==> Technical Areas worked on:
- I choose the revolut Discourse community forum to practice what I learned from recent scrapping tutorials -Used BeautifulSoupe,CSV, and requests library to scrap and save the data from the forum into a CSV file. -Inspired by the google course project shown in one of the tutorials, I tried to categorize simmilar issues in the issues sub-forum based on the count or frequency of words in issue description or title. -Currently, I’m working on how to train the model based on that data(still in progress).
==> Tools and Libraries: -BeautifulSoup: Learned how to use the library to scrape data from a certain web page. -requests: Learned how to send requests and process status and content of the request. -Scrapy: Learned how to use the framework to crawl multiple webpages and sub-pages. -Python: Refreshed my memory on Python. -Jira: We use Jira to divide the work among team members.
Soft-skills:
- Becoming more familiar with the new platforms we use including: STEM-Away, Discord, Jira, Github, Jupyter Notebooks.

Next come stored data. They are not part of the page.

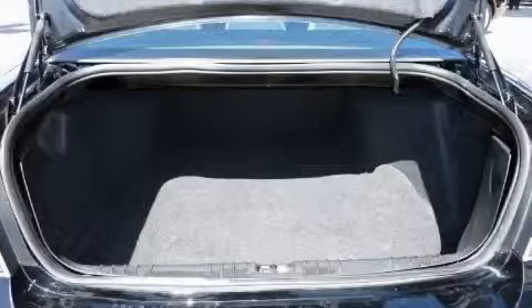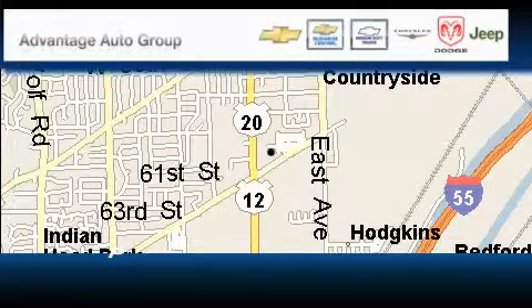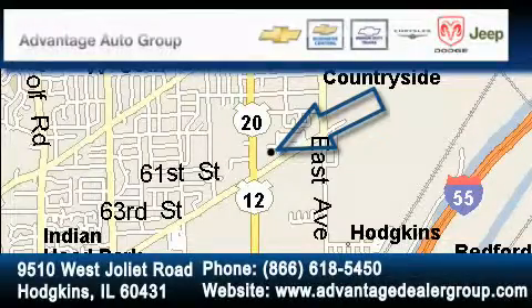Contact us today and schedule your opportunity to see this car in person. Advantage Chevrolet Hodgkins is located at 9510 West Joliet Road in Hodgkins. Our goal is to exceed all of your expectations to ensure that you'll return for future visits.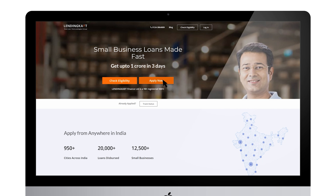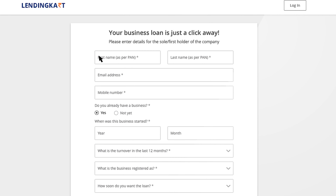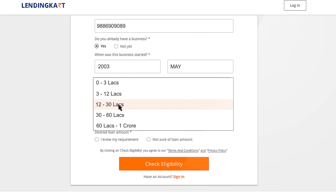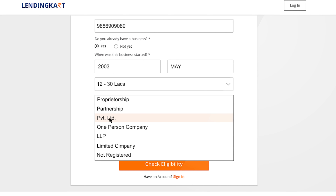Applying for a loan with Lending Cart is very simple because we ask for very little information. We require your personal and business details such as when the business was started, 1-year business turnover or sales, business registration type, etc.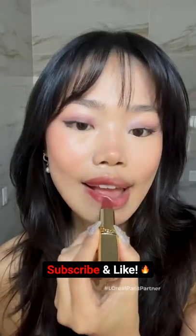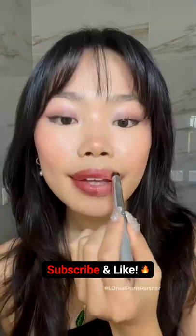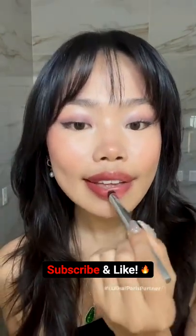Right away, I noticed the L'Oreal is hydrating and super pigmented, versus the Black Honey, which is a lot more sheer. But when you give it a couple more layers, it looks identical.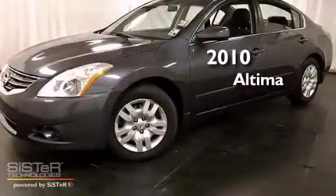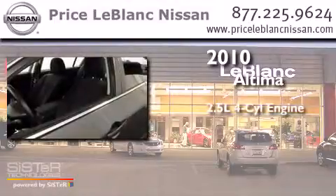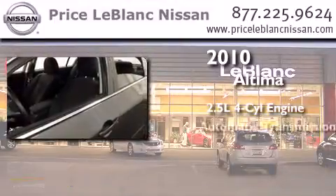This is a certified pre-owned 2010 Nissan Altima. It has a 2.5 liter 4-cylinder engine and an automatic transmission.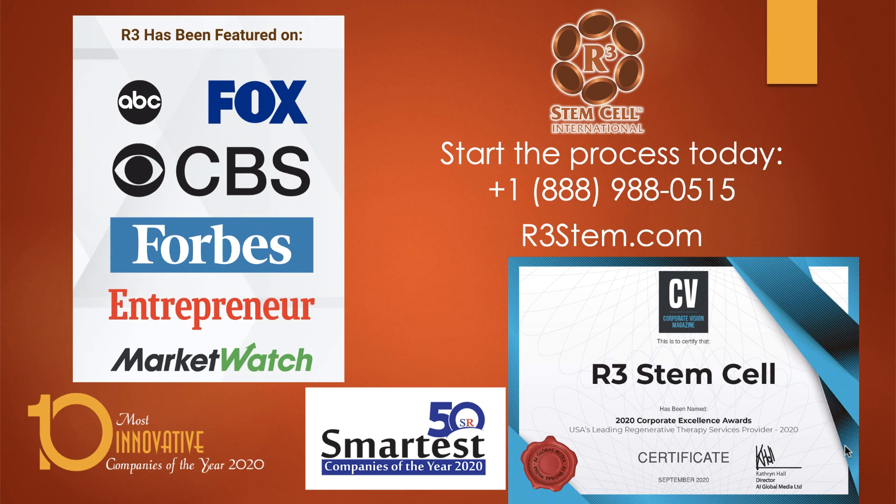R3 has been featured on every major media channel and has won numerous awards, including 10 Most Innovative, 10 Best Companies, and 50 Smartest. We won the USA's Leading Regenerative Therapy Services Provider in 2020 and the World's Leading Regenerative Therapy Services Provider in 2021. To get started, the process is simple — it's a free consult. Call us at +1-888-988-0515 or visit us online at r3stem.com to see our locations, each only 20 minutes from the airport. Thank you very much for watching.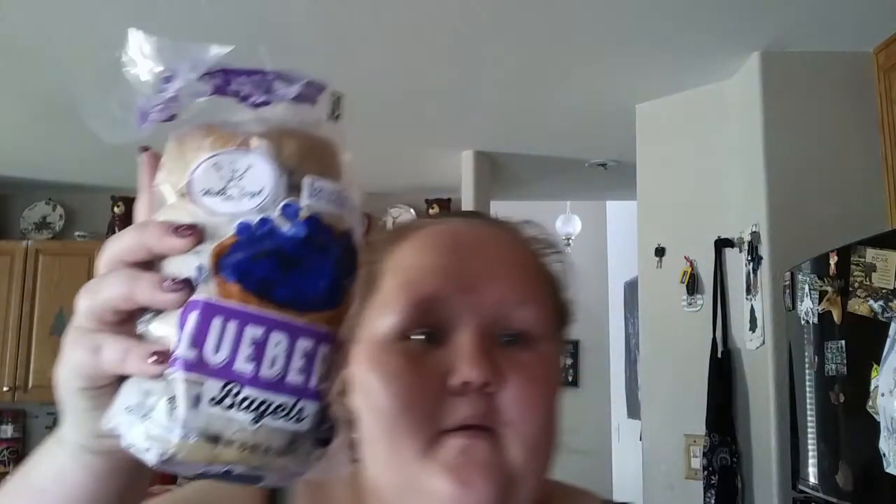Sour cream — this is for three different recipes, so I got a big one. Bananas. Blueberry bagels — my husband is addicted to blueberry bagels and strawberry cream cheese, so this is for him.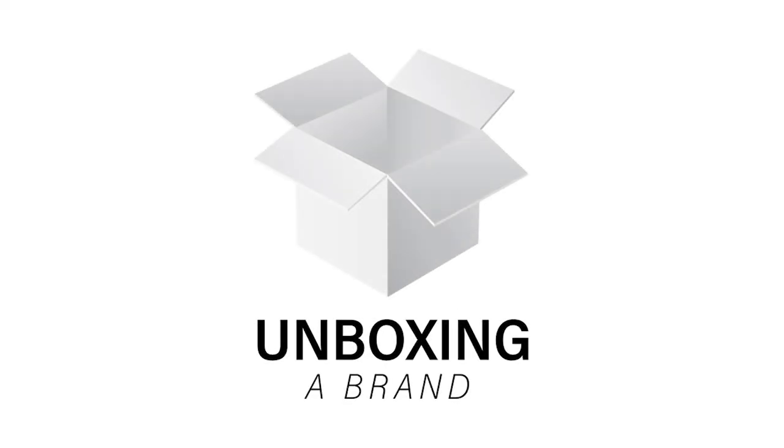Hey guys, welcome back to my channel Unboxing a Brand. This is Shirley. If this is your first time here, this channel is all about unboxings and reviews. Today we're taking a look at two of the most popular quarterly subscription boxes.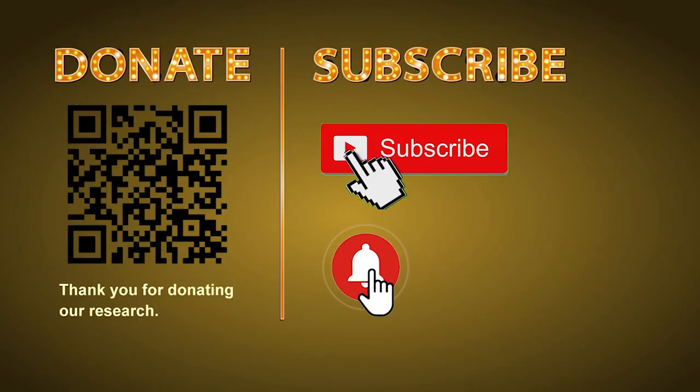Thank you for watching. Please share your numbers and hitting performance in the comments below, and like, share, and subscribe to our channel if you like it. Thank you, bye bye.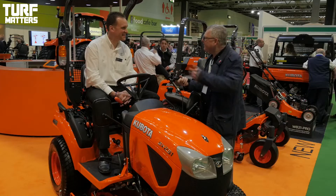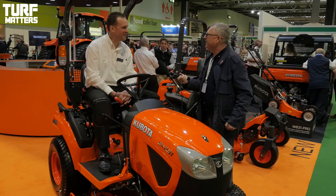You join me in one of the most distinctive stands you'll find here at Soltex — Kubota — and I'm joined by Tim Yates. Tim Yates, and your role within Kubota, Tim? Product and Key Account Manager.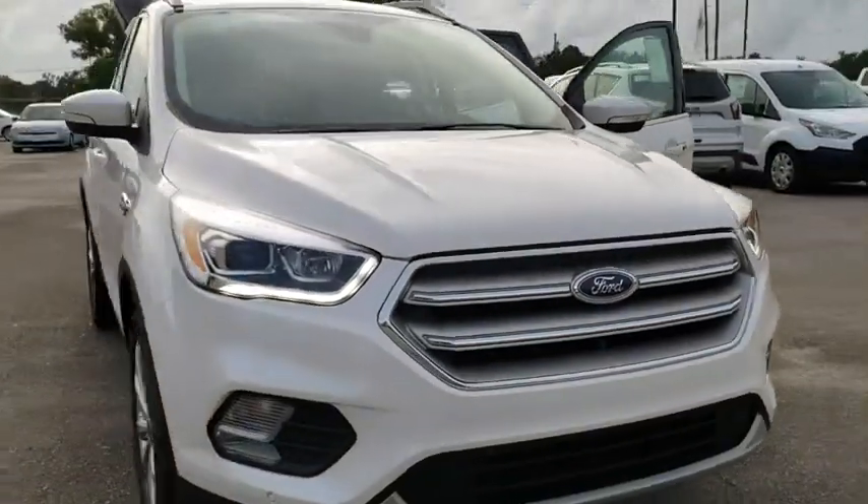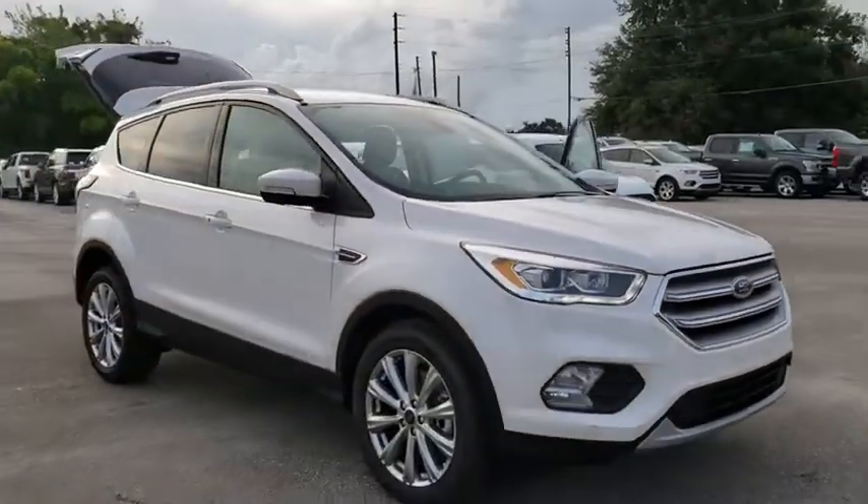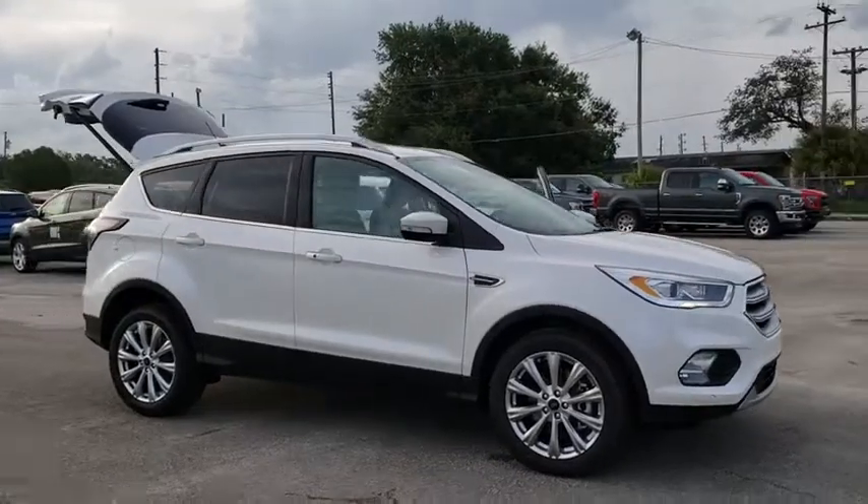2018 Ford Escape. Gas engines flex, tow, sip and go with Ford Escape.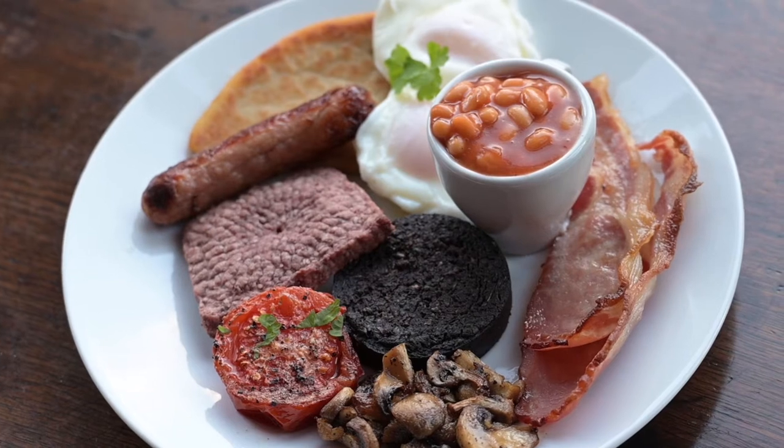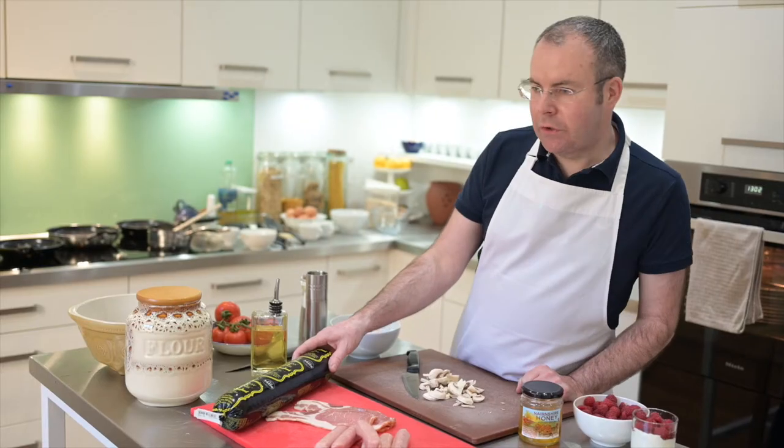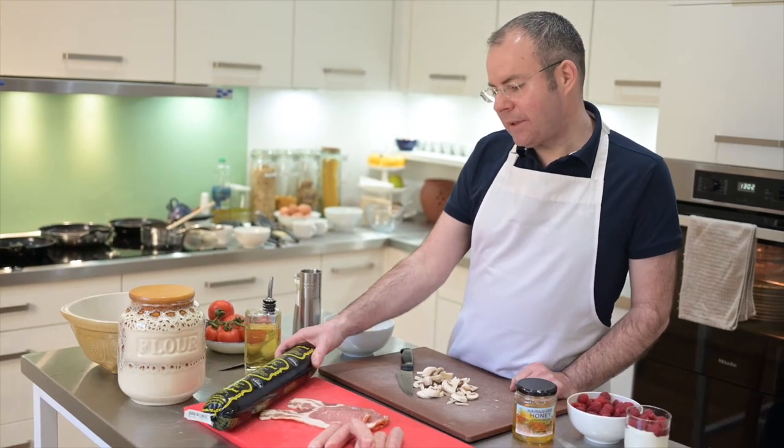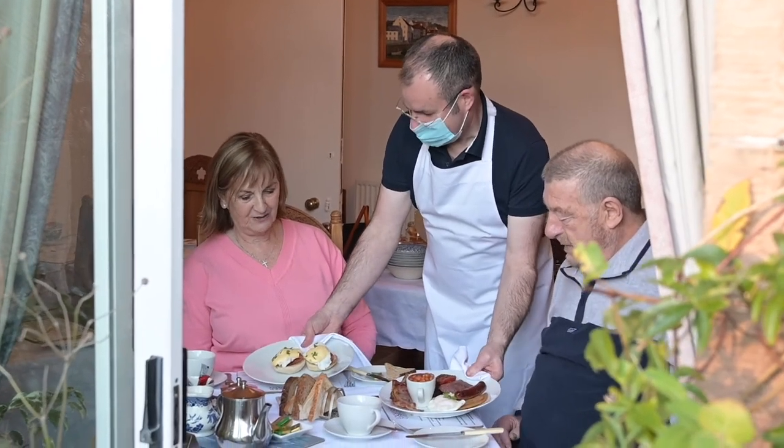We always like to use local produce. Our sausages are from Dal Duff Farm, which is just down the road. We use black pudding from Stornoway — it's not absolutely local but it's really good quality black pudding; it's one of the best, so we always use that. I think it's important for the environment that we're not using food from all over the world, and we want to support local farmers as well.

- Getting to know other members of the team and try to establish a productive way of communication
==> Achievment Highlights :
- Learning how to scrape data from the Internet.
- Getting familiar with important tools such as: Python libraries, Github, Jupyter Notebooks.
- Learning data pre-processing and cleaning raw data to be ready to be run by the model.
==> Tasks Completed:
- Scraped data from the revolut Discourse forum.
- Tried different data-cleaning techniques using Pandas and NumPy
==> Future Goals
- Learn how to apply ML models on data.